Gregory notes several major figures in the history of taxonomic nomenclature before Linnaeus:
Aristotle (384–322 BC): In On the Parts of Animals, Aristotle began to group and classify animals by certain characteristics, such as teeth, hooves, etc. Aristotle considered the state of nomenclature in The History of Animals (Book I, part 6), where he wrote:
In the genus that combines all viviparous quadrupeds are many species,
but under no common appellation. They are only named as it were one by
one, as we say man, lion, stag, horse, dog, and so on; though, by the
way, there is a sort of genus that embraces all creatures that have
bushy manes and bushy tails, such as the horse, the ass, the mule, the
jennet, and the animals that are called Hemioni in Syria,-from their
externally resembling mules, though they are not strictly of the same
species. And that they are not so is proved by the fact that they mate
with and breed from one another. For all these reasons, we must take
animals species by species, and discuss their peculiarities severally'
Andrea Cesalpino (1519-1603): A botanist, who in De Plantis (1583), divided plants into ten large classes based on morphology such as fruits and seeds, and then further subdivided them. He gave them monomial names.

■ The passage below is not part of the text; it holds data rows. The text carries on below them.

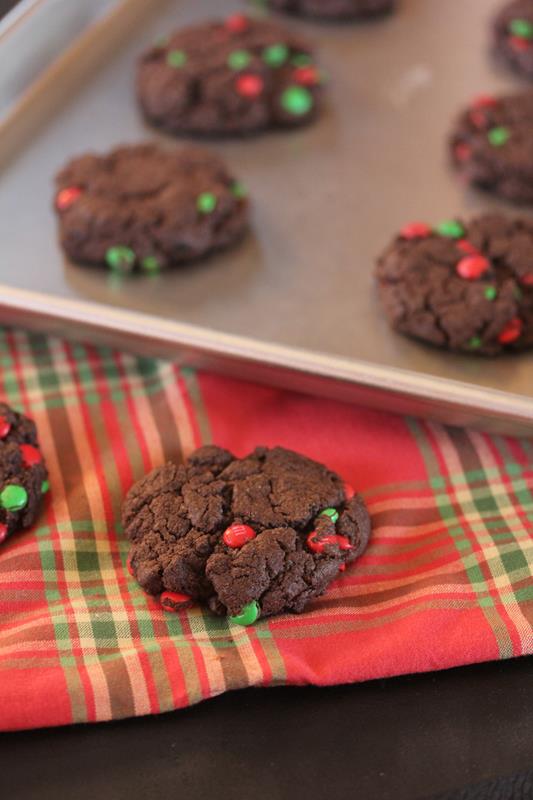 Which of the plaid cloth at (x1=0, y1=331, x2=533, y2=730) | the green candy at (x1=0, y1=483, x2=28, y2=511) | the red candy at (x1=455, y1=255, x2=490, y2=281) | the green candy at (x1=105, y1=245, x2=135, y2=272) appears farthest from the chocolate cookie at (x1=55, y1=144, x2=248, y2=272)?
the green candy at (x1=0, y1=483, x2=28, y2=511)

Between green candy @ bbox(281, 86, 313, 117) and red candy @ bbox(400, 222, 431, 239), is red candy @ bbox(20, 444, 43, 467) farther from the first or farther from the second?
green candy @ bbox(281, 86, 313, 117)

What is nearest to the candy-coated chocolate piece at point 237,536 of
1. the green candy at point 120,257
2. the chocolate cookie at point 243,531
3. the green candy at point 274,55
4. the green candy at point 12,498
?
the chocolate cookie at point 243,531

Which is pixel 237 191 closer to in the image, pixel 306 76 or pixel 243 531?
pixel 306 76

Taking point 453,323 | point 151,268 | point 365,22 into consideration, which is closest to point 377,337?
point 453,323

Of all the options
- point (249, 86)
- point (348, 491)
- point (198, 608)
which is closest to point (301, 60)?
point (249, 86)

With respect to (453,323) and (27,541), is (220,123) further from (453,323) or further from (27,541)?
(27,541)

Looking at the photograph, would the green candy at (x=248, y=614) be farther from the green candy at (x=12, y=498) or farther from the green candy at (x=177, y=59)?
the green candy at (x=177, y=59)

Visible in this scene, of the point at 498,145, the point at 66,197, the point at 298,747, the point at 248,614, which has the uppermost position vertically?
the point at 66,197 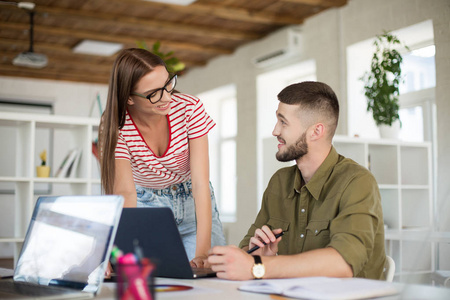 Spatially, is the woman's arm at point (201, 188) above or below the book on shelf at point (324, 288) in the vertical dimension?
above

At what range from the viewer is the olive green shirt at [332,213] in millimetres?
1319

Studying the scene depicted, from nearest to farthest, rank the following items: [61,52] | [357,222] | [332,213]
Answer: [357,222], [332,213], [61,52]

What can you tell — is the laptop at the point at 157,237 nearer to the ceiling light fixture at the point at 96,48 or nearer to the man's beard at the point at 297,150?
the man's beard at the point at 297,150

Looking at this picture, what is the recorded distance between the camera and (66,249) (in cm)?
110

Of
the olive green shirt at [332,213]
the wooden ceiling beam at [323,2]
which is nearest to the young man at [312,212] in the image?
the olive green shirt at [332,213]

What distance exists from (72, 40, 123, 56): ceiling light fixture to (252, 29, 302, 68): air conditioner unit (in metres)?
1.74

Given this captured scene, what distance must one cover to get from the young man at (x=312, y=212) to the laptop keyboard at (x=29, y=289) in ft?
1.13

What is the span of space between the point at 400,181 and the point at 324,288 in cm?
367

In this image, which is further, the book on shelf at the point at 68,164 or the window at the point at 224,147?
the window at the point at 224,147

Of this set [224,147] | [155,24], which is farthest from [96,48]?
[224,147]

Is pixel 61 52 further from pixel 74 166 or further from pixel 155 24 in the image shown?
pixel 74 166

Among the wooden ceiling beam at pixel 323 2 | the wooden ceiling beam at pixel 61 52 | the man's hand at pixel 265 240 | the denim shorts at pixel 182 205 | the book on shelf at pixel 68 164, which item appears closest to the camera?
the man's hand at pixel 265 240

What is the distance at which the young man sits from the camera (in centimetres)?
121

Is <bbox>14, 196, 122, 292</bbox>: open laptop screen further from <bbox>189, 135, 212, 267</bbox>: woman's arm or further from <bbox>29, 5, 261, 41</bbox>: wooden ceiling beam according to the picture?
<bbox>29, 5, 261, 41</bbox>: wooden ceiling beam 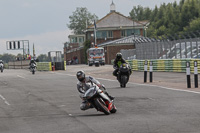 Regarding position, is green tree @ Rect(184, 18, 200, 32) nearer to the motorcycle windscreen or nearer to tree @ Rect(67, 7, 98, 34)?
tree @ Rect(67, 7, 98, 34)

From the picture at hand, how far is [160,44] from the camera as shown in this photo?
130 feet

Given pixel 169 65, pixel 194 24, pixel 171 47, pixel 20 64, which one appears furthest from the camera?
pixel 194 24

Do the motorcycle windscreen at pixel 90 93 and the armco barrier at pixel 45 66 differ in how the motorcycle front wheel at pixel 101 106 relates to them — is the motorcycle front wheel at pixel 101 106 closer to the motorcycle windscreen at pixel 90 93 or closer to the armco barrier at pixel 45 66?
the motorcycle windscreen at pixel 90 93

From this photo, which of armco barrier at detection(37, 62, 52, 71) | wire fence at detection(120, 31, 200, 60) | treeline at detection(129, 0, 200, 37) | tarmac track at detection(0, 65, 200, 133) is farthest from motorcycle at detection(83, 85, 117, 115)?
treeline at detection(129, 0, 200, 37)

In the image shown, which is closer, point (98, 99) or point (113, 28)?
point (98, 99)

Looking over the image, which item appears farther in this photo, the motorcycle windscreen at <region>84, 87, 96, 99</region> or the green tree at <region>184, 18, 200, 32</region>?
the green tree at <region>184, 18, 200, 32</region>

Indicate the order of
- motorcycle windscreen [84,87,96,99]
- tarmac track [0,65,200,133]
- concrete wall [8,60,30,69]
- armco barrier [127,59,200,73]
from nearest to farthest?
tarmac track [0,65,200,133], motorcycle windscreen [84,87,96,99], armco barrier [127,59,200,73], concrete wall [8,60,30,69]

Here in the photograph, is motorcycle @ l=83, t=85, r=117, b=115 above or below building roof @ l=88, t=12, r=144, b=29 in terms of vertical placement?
below

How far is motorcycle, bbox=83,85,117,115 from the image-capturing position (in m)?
10.5

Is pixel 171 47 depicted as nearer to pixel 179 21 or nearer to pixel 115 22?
pixel 115 22

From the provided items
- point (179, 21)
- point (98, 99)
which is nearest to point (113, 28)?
point (179, 21)

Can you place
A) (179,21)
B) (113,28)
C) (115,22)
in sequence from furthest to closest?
(179,21) → (115,22) → (113,28)

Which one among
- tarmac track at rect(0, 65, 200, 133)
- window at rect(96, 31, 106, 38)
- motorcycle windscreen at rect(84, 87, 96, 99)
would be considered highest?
window at rect(96, 31, 106, 38)

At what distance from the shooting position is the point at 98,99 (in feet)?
34.7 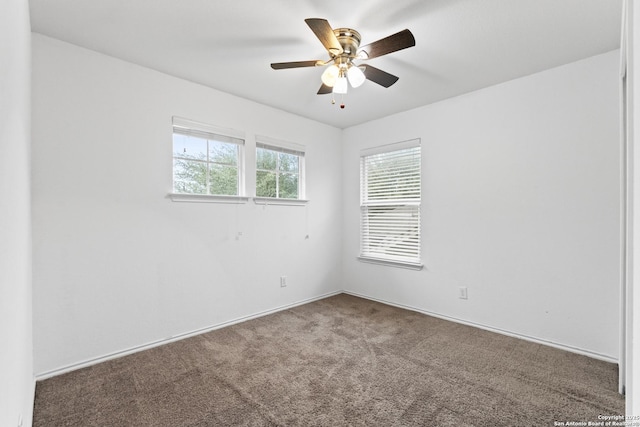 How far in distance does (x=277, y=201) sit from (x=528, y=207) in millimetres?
2698

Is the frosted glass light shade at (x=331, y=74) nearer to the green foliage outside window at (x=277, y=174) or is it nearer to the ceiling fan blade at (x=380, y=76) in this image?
the ceiling fan blade at (x=380, y=76)

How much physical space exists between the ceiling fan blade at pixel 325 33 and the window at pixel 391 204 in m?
2.01

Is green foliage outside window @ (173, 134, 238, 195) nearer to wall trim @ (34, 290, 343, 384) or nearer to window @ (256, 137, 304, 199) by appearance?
window @ (256, 137, 304, 199)

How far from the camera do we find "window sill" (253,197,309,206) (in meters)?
3.54

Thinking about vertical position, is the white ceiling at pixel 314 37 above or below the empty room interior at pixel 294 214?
above

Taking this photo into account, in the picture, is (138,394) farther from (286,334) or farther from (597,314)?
(597,314)

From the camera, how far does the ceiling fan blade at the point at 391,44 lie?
178cm

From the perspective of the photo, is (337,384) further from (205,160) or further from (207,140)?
(207,140)

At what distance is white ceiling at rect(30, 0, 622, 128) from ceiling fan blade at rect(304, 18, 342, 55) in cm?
21

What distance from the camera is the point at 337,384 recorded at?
2.13 m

- John Ray (1627-1705): An English naturalist, he made important steps in taxomony. For example, he classified many plants in his publication of Historia Plantarum. Gregory describes that:
Ray also used the term "species" in quite a Linnaean manner, as in the
names Ovis laticauda, Ovis strepsiceros and Ovis domestica. In form,
at least, this foreshadows the binomial system of nomenclature and the
recognition of the species in general as supposedly objective reality
and the unit of classification.The form of Ray's specific definitions
seems, however, to imply that the term "species" in Ray's mind was
often more a "differentia," or specific adjective modifying the
generic concept than a fully developed substantive name, and Ray did
not apparently realize the convenience of applying the binomial method
of nomenclature universally."
While there were many other figures involved in the development of modern taxonomy and taxonomial nomenclature, these individuals illustrate well that Linnaeus's binomial nomenclature, while an important step, was not an enormous leap. The idea of classifying species pre-dates Aristotle, and while monomial names for species were mostly used up until the seventeenth century, Linneaus was not the first to use binomial names for species, although he was the first to do so systematically across many classes of living things.